Exercise:
An exact repetition of the data is required; no picture should appear in it.

Source material:
>>

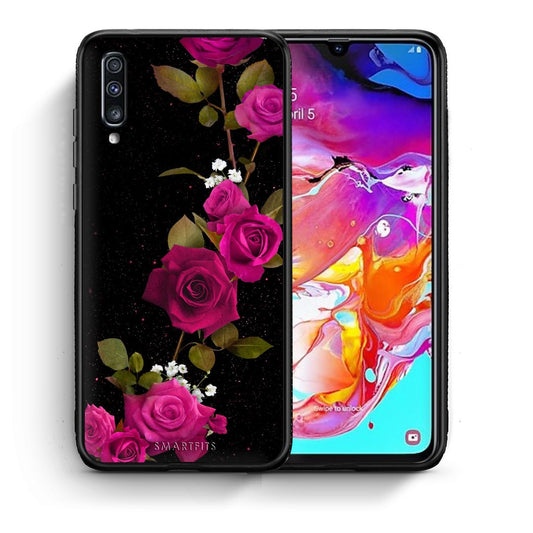 Θήκη Samsung A70 Red Roses Flower από τη Smartfits με σχέδιο στο πίσω μέρος και μαύρο περίβλημα | Samsung A70 Red Roses Flower case with colorful back and black bezels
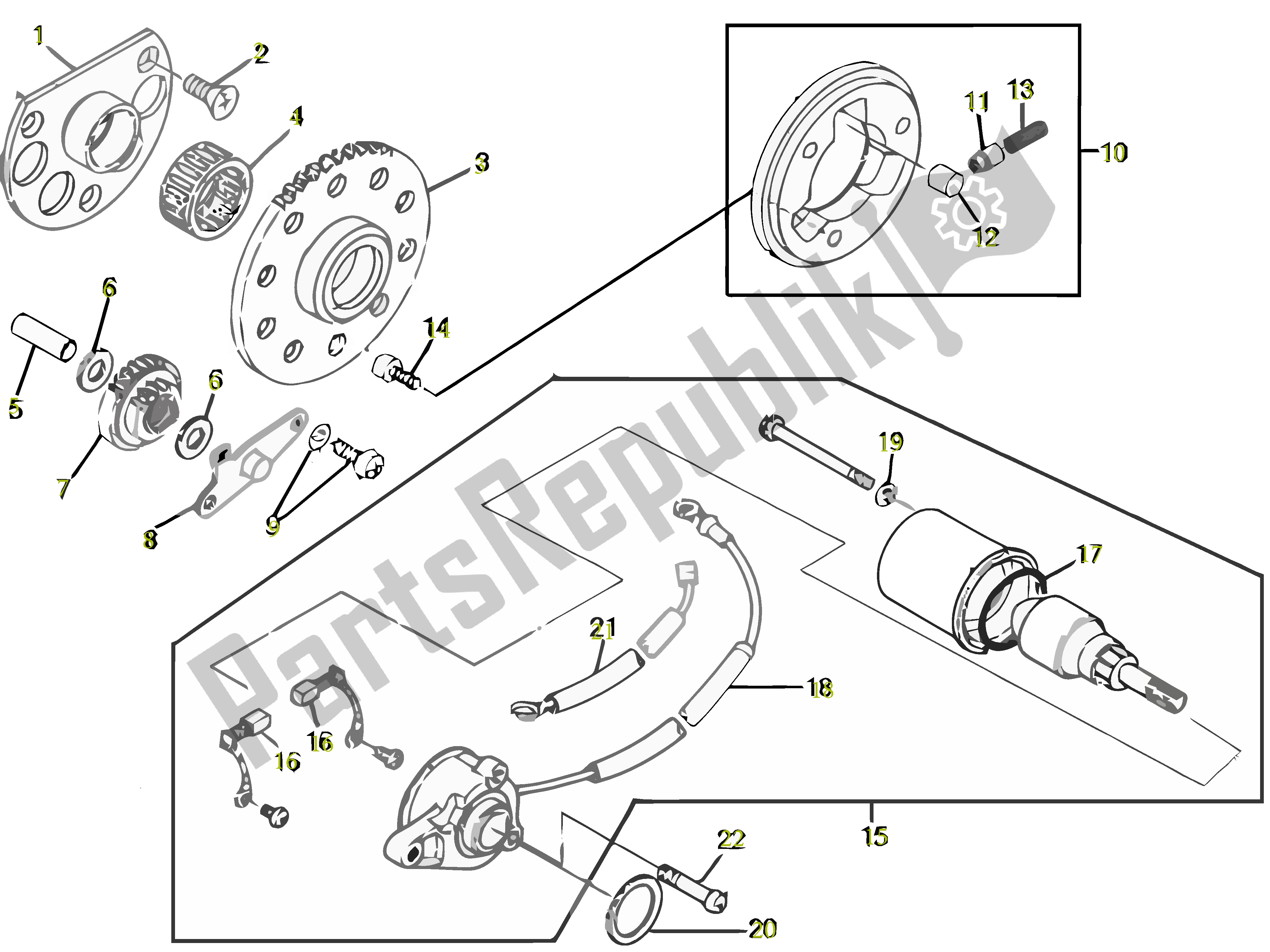 All parts for the Startmotor of the Gilera SC 125 2007 - 2015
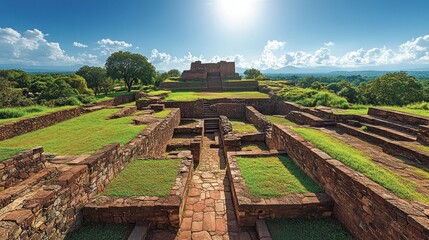 Ancient ruins, stone structures, grassy courtyard, sunny day.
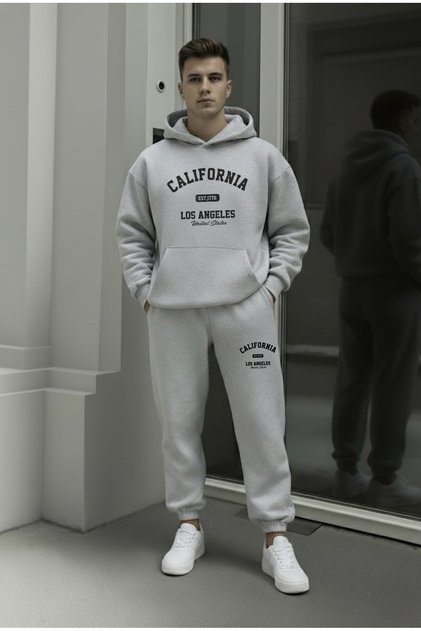 California Los Angeles Printed Unisex Women/Men Hooded Oversize Bottom/Tope Tracksuit Set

<<

Final answer:
 Θήκη Samsung A70 Red Roses Flower από τη Smartfits με σχέδιο στο πίσω μέρος και μαύρο περίβλημα | Samsung A70 Red Roses Flower case with colorful back and black bezels
 All parts for the Startmotor of the Gilera SC 125 2007 - 2015
 Ancient ruins, stone structures, grassy courtyard, sunny day.
 California Los Angeles Printed Unisex Women/Men Hooded Oversize Bottom/Tope Tracksuit Set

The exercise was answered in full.